Экспрессионизм до определенной степени родствен романтизму, и в особенности потому, что он содержит в себе нечто сентиментальное, нечто надломленное. Однако это уже не романтизм бюргера, ограниченного пределами маленького городка,

а романтизм отрезанного от природы человека большого города. Это придает экспрессионизму своеобразные черты какого-то мерцания и беспокойства. Он перерабатывает для своих целей стилевые элементы других современных ему форм искусства, например импрессионизма, частично также кубизма, — только так он может выражать себя правдивым образом в качестве искусства XX века; возвращение к прошлому исключено, даже если мы тоскуем по многому из того, что ушло в прошлое; ведь тоска — это еще не обладание тем, по чему тоскуешь, создавать же иллюзию обладания тем, чем не обладаешь, было бы ложью и самообманом. Поэтому экспрессионизм довольно консервативен в сравнении с другими упомянутыми здесь формами современной живописи, и тем не менее в своих исканиях потерянного и в своей уязвленности "расколдованной" современностью он в высшей степени актуален и сегодня.

в) Пауль Клее и миф

Наблюдая за тем, как отражается в современной живописи борьба между мифическим и научно-техническим миропониманиями, можно заметить, что совершенно своеобразное и выдающееся положение в этом процессе занимает Пауль Клее. Клее соединяет мифическое (часто — христианского содержания), которое искали экспрессионисты, с теми структурами субъективности, которые мы находим у художников-абстракционистов. В действительности все его предметы вырастают из абстрактных структур — точно так же, как в песне слова могут быть сублиматами музыки. Но эти предметы обычно имеют несомненно мифическую природу.

Рассмотрим, к примеру, его картину "Пораженное место" (1922, Берн).
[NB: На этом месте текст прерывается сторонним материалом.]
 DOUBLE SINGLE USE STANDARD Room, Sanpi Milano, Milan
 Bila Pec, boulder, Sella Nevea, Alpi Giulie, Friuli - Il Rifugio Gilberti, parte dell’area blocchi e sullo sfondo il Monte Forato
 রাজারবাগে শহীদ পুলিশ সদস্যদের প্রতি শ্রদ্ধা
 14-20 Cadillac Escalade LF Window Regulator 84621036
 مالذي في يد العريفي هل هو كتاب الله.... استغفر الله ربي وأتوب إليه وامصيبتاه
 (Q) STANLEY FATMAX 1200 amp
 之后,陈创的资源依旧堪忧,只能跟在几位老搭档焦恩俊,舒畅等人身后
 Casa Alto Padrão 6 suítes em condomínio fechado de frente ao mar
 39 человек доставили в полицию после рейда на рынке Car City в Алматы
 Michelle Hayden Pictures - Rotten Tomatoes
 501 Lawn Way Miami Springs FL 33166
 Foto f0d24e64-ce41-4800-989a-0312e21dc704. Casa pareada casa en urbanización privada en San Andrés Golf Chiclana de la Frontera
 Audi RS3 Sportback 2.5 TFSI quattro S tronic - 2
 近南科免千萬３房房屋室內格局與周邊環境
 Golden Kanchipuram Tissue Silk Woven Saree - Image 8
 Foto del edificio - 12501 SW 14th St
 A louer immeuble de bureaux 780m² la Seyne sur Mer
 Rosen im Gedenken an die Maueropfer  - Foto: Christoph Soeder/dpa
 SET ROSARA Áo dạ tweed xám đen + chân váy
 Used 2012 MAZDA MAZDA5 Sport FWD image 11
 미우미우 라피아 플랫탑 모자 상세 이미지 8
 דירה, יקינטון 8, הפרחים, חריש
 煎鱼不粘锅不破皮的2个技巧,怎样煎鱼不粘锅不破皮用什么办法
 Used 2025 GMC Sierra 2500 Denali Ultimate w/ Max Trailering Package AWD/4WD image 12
Горизонтальные полосы различной толщины спускаются сверху вниз, и в нижней половине картины пересекаются вертикальными линиями, из которых проступает некое селение: дома, сады, ограды и другие символы человеческой жизни. Темная стрела, появляясь откуда-то сверху, внезапно изменяет свой путь и, концентрируя в себе силу тяжести снижающихся горизонтальных полос, словно молния обрушивается на селение: мрачный нуминозный рок. Вряд ли возможно более убедительно свести к сжатой формуле пространственный элемент греческого мифа, теменос (см. гл. VIII, разд. 1), в котором на ограниченном месте разыгрывается событие божественной эпифании. Нечто похожее показывает нам картина Клее "Ad Parnassum". С одной стороны, его структура абстрактна, но с другой — из маленьких квадратов и линейных форм вырастает мифическое содержание: божественная гора, у подножия которой прорисовываются очертания развалин дельфийского храма. И тем не менее все это словно парит посредине, между чисто субъективной идеей и священной действительностью. Картины Клее наполнены образами рождения и смерти, круговорота жизни и вплетают человека,  животных, растения, горы, моря и реки во всеобщую космическую связь. Все нечеловеческое здесь мифически персонифицировано, все материальное — идеально, все идеальное — материально, все имеет нуминозную природу, характер знака, символа, указывает на некий более высокий порядок, на праоснову бытия.